Thacker v. Guardenier

Shaw, C. J.

The present action, which is a writ of entry, was brought to recover a narrow strip of land of about nineteen feet in length and twenty seven or twenty eight inches wide. At the trial, there was evidence tending to show that the demandant, whose land lies on the easterly side of the tenant’s land, formerly had a shed standing on the line where the fence now stands, which shed had stood there since 1816; that the said shed had eaves extending at one end eight inches, and at the other end five or six inches, over the land in controversy. The ultimate question in controversy is, which of the parties has the better title to the strip of land, of five or six inches wide at one end, and eight inches at the other, and about nineteen feet in length, formerly under the eaves of the shed.

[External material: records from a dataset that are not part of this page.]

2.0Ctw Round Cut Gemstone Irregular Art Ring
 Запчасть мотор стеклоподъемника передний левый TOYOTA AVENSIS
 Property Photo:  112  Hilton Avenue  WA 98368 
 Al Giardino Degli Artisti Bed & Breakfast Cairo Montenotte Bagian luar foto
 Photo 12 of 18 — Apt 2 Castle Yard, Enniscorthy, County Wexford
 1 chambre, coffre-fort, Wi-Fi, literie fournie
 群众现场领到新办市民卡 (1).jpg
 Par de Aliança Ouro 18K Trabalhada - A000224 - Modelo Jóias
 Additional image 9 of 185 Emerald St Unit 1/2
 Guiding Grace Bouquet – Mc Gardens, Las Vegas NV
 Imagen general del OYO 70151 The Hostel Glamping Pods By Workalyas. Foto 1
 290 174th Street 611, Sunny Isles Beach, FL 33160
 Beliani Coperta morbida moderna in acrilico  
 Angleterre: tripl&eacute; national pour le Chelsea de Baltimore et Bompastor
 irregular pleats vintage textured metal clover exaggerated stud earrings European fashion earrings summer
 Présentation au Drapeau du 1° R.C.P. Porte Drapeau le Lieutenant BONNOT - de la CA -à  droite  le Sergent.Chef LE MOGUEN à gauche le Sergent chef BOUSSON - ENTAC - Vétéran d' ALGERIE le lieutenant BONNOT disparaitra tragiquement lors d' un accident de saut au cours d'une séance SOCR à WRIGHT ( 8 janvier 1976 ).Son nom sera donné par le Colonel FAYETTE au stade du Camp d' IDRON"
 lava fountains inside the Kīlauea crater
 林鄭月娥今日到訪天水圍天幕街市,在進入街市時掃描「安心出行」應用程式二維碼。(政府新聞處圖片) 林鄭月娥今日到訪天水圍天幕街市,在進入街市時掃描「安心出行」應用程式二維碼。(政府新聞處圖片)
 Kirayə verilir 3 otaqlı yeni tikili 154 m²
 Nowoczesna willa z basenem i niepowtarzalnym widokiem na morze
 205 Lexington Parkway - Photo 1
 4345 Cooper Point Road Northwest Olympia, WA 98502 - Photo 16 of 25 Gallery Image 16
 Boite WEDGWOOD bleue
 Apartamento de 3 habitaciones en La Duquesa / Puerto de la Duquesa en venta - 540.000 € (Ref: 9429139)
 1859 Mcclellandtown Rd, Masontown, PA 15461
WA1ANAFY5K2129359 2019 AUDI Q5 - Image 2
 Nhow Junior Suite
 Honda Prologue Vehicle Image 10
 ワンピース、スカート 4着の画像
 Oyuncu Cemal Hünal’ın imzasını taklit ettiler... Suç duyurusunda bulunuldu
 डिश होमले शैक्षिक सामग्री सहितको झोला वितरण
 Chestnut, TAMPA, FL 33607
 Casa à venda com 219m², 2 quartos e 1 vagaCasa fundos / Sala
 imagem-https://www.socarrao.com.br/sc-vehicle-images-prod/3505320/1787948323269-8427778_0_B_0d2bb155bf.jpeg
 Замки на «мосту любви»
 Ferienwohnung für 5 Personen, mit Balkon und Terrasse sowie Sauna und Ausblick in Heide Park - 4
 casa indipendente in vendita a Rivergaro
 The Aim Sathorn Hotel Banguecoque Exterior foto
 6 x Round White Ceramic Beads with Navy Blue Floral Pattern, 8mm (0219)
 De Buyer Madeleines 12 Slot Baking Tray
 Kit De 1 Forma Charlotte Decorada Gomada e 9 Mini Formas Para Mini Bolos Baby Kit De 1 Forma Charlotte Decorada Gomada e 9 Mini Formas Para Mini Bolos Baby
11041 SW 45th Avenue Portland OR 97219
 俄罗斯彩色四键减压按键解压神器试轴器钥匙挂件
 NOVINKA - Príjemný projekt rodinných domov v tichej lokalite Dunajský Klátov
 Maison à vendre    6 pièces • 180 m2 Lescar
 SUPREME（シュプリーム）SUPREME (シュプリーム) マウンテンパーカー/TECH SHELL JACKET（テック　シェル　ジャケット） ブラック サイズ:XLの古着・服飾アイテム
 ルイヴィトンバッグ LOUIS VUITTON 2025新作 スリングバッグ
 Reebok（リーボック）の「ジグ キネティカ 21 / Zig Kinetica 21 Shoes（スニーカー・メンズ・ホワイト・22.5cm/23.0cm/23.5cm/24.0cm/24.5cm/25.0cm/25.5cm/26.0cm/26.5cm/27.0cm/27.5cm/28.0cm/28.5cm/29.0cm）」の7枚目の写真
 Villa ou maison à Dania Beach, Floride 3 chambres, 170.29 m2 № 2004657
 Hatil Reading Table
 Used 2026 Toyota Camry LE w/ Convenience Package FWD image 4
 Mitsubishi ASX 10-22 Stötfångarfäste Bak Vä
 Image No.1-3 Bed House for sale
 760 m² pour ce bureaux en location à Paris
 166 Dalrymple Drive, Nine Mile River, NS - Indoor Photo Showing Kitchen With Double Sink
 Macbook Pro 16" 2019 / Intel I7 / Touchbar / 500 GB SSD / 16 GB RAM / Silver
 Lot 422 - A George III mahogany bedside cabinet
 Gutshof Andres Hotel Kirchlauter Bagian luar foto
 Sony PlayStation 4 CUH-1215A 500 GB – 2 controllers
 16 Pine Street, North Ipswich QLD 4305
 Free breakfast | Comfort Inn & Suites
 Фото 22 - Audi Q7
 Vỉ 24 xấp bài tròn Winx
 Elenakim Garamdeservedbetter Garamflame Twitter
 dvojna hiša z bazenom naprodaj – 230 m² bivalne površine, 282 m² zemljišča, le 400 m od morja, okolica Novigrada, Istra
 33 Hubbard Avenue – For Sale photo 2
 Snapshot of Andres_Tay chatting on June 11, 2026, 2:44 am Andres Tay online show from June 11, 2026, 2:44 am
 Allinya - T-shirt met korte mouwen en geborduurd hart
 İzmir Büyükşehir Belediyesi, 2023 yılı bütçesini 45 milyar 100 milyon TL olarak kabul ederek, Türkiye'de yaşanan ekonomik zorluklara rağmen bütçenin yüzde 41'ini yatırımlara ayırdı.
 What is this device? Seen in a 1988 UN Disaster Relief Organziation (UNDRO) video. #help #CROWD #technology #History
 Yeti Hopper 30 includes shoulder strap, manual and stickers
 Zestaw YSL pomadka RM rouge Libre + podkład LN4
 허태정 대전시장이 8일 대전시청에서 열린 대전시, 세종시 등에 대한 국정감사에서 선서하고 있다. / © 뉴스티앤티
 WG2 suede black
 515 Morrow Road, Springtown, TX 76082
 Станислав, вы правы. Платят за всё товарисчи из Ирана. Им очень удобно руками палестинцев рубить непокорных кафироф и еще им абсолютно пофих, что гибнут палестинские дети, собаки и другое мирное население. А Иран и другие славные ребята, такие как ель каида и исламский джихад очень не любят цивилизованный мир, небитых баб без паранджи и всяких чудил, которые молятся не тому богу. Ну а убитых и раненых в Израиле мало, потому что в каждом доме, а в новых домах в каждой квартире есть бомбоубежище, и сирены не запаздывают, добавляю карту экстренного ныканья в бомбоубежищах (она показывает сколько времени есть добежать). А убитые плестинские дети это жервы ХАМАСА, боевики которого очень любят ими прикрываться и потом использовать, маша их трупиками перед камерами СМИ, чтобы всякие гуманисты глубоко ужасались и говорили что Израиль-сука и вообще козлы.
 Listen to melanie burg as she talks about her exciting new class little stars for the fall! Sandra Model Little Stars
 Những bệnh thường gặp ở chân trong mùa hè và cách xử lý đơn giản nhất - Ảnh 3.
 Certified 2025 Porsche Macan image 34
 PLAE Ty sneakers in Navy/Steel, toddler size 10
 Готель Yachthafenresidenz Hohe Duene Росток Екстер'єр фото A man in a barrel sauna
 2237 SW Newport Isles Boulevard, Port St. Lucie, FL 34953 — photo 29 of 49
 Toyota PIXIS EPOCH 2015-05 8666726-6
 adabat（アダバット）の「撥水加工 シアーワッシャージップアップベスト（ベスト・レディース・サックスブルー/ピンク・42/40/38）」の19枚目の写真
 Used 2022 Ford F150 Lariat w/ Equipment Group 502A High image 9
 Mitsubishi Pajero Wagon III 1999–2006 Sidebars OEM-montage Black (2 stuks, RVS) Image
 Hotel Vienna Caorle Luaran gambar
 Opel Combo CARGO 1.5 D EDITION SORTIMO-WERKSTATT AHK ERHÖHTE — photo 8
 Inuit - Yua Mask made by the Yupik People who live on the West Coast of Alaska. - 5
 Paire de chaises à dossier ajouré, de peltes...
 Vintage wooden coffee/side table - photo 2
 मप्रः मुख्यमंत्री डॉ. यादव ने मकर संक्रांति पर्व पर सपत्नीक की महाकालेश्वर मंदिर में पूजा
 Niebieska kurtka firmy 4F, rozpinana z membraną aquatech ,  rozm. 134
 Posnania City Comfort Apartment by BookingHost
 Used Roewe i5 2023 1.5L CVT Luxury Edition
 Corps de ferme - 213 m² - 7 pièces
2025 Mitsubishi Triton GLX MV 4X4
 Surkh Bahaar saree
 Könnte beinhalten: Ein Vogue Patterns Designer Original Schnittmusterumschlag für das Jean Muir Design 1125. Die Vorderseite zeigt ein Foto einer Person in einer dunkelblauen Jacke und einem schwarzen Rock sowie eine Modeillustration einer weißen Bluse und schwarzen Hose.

At the first trial, the demandant established, by documentary evidence, a good title to land bounding westerly on the tenant or his ancestors; and the tenant a good title to land bounding easterly on the demandant or his ancestors ; but neither the admeasurements nor the monuments, referred to in the description, had settled where that dividing line was. In this state of the case, it was held, that it must be determined by the question of prior possession. Upon the last trial, it was supposed, upon the facts testified, and which were not contested, that as far as the evidence went, there remained only a question of law; and a pro forma opinion was given, and no fact was left to the jury. But it now appears,' that the parties cannot agree as to a fact *485supposed to be conceded, namely, whether the demandant first erected his shed, or whether the tenant first enclosed and improved his land.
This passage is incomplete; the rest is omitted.